• _What you are asked to do_: Beginning with the line below that contains "Anak Pertama Shaheer" and ending with the line that contains "Cina: Tianjin, droni", copy every line exactly. Copy nothing else.

• _Data for this exercise_:
##############################

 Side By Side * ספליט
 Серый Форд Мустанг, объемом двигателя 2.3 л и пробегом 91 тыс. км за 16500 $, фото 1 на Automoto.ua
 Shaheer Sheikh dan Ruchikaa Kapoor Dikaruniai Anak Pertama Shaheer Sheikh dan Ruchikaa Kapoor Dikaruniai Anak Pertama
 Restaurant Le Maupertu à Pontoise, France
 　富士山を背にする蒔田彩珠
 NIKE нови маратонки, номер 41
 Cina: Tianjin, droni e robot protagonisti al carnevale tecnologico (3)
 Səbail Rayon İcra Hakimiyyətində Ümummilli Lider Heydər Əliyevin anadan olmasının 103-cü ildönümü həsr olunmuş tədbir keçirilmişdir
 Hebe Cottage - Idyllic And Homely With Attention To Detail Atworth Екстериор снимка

##############################

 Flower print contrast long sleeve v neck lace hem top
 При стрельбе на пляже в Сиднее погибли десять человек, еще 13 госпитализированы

##############################

• _Solution to the exercise_:
 Shaheer Sheikh dan Ruchikaa Kapoor Dikaruniai Anak Pertama Shaheer Sheikh dan Ruchikaa Kapoor Dikaruniai Anak Pertama
 Restaurant Le Maupertu à Pontoise, France
 　富士山を背にする蒔田彩珠
 NIKE нови маратонки, номер 41
 Cina: Tianjin, droni e robot protagonisti al carnevale tecnologico (3)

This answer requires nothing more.